## Data in this exercise
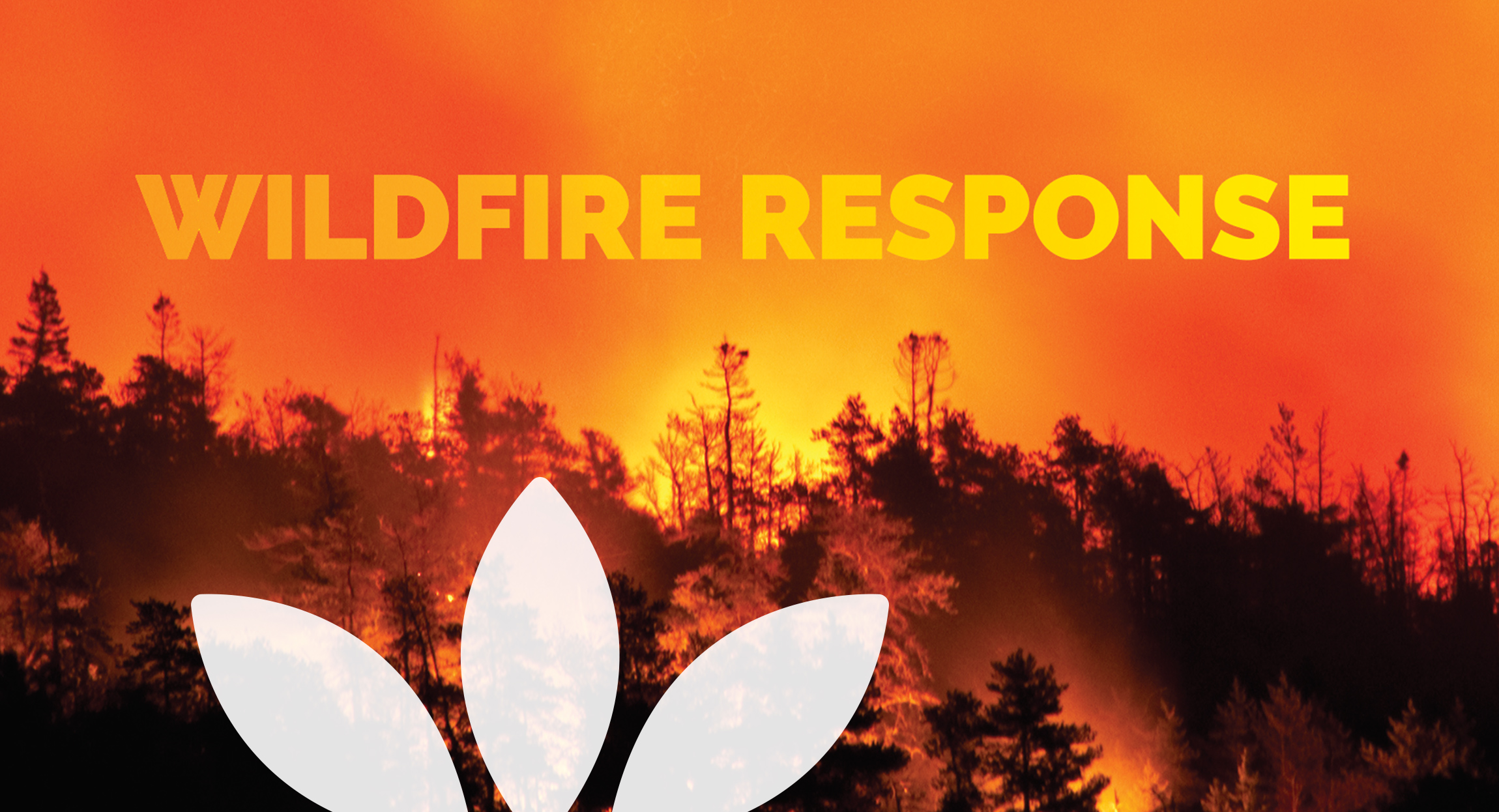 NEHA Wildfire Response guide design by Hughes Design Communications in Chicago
==
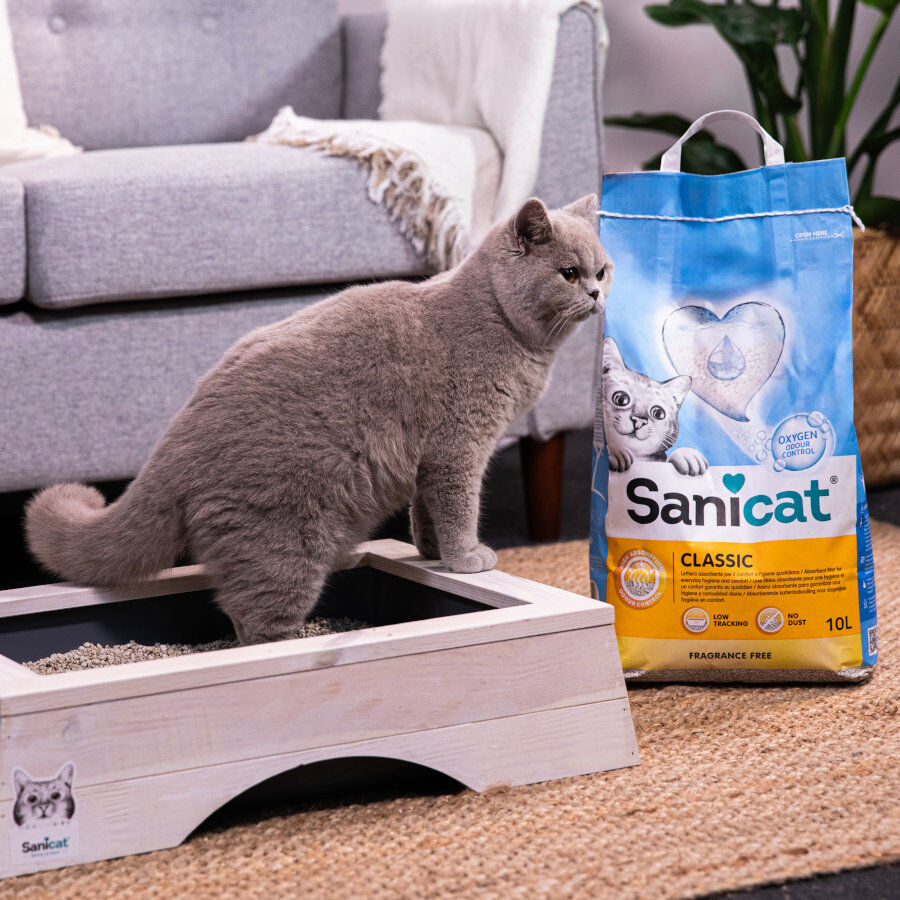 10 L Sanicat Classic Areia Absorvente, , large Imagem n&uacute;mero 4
==
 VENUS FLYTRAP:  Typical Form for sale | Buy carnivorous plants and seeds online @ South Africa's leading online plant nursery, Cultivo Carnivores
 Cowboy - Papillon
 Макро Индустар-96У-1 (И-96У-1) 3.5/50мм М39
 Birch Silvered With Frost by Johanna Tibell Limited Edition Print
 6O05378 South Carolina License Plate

## Task goal
Where the listing above reaches the line that contains "Cowboy - Papillon", start retyping, and finish with the line that contains "6O05378 South Carolina License Plate"; reproduce those lines exactly and no others.

## Exercise result
 Cowboy - Papillon
 Макро Индустар-96У-1 (И-96У-1) 3.5/50мм М39
 Birch Silvered With Frost by Johanna Tibell Limited Edition Print
 6O05378 South Carolina License Plate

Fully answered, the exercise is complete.